The Sports Betting Alliance (SBA) has formally warned Chicago officials that a proposed plan for the online sports betting market could disrupt legal operations, reduce public revenue, and create regulatory confusion if implemented as drafted.
In a letter sent to the office of Mayor Brandon Johnson last week, the industry group urged the city to delay enforcement of its proposed municipal licensing and tax framework, and reconsider the structure entirely.
The correspondence followed a meeting between representatives of the mayor’s office, the Department of Business Affairs and Consumer Protection, and the SBA.
The alliance argued that the city’s proposed budget and revenue ordinance would impose a new city-level licensing requirement on online sports wagering operators beginning this coming January.
Chicago wants to impose a 10.25% tax on online sportsbook revenues, despite the absence of any established city-specific licensing framework tailored to digital wagering businesses.
According to the alliance, the ordinance lacks defined terms, application standards, documentation requirements, and administrative procedures, leaving operators with no practical way to comply upon its effective date.
The group therefore pressed the city to delay implementation by at least 180 days to allow time for rulemaking, application preparation, and license issuance before enforcement begins.
Online sports betting operators are already subject to extensive state oversight in Illinois and cannot legally operate without all required licenses.
The SBA, which hired former American Gaming Association SVP of Strategic Communications Joe Maloney as its new CEO this month, warned that enforcing a city requirement without a functioning application process could force operators to suspend services in Chicago.
Such a shutdown, even temporarily, the group said, would undermine the city’s own revenue goals by pushing consumers toward unregulated platforms that eschew age verification, consumer protection, and responsible gaming safeguards.
The letter also cautioned that a disruption in Chicago could jeopardise potentially tens of millions of dollars in state revenue tied to regulated online wagering.
While requesting delayed implementation, the alliance reiterated its opposition to the ordinance in its current form.
It urges city leaders to work collaboratively with the gaming industry on more durable revenue solutions, including possible amendments to state law that preserve regulatory integrity.
The dispute has drawn attention beyond City Hall, as a group of Illinois lawmakers has publicly condemned the proposal.
They argue that the city’s plan is overly burdensome and could set a precedent for other municipalities to tax not only betting operators but a broad range of goods and services conducted within the state’s largest city.
29 of the state’s 117 legislators signed a letter objecting to the measure.

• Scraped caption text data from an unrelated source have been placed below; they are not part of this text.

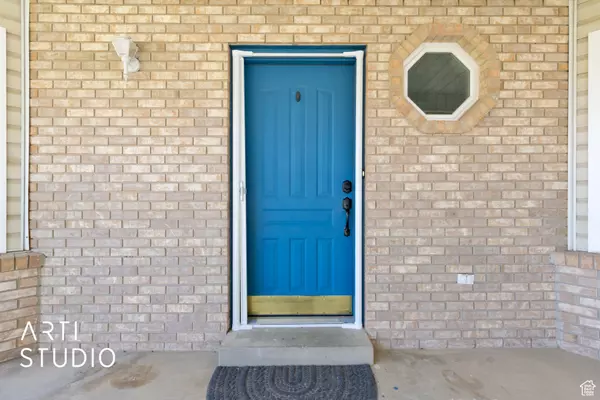 Pleasant Grove, UT 84062,26 S 1185 E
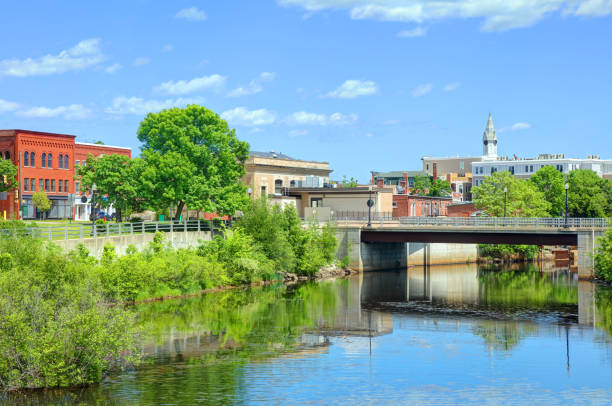 istock Spring in Rochester, New Hampshire 1400101886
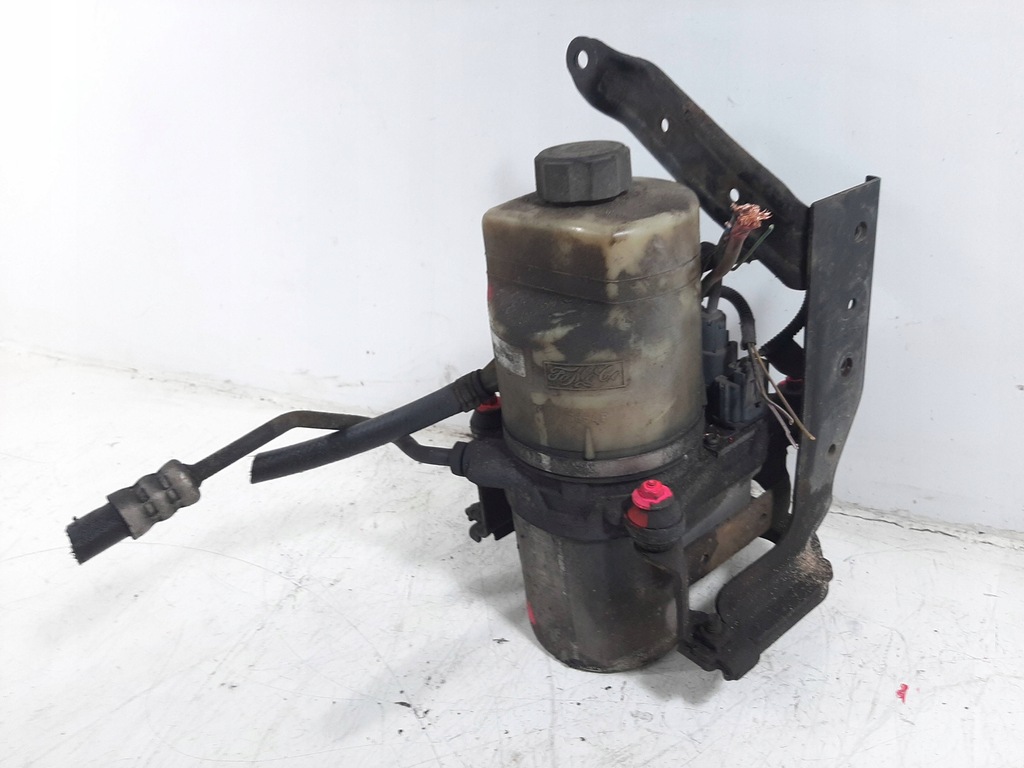 FORD FOCUS MK2 LIFT COMBI 1.8TDCI 08R POWER PUMP 4M513K514CA Product image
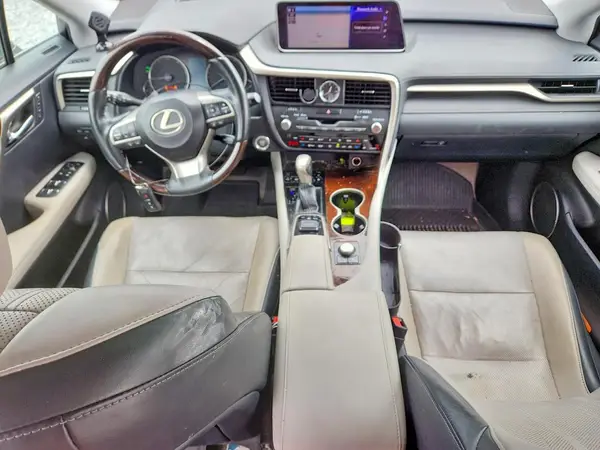 2T2ZZMCA0JC096739 2018 LEXUS RX - Image 8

The opposition comes as Illinois has already increased sports betting taxes twice in two years, moving to a tiered system capped at 40% in 2024 and adding a per-wager tax that took effect this past July.
The SBA claims that the per-bet tax contributed to a 15% year-on-year decline in online wagering in September, a data point it cites as evidence that additional local taxes could exacerbate an already tenuous market environment.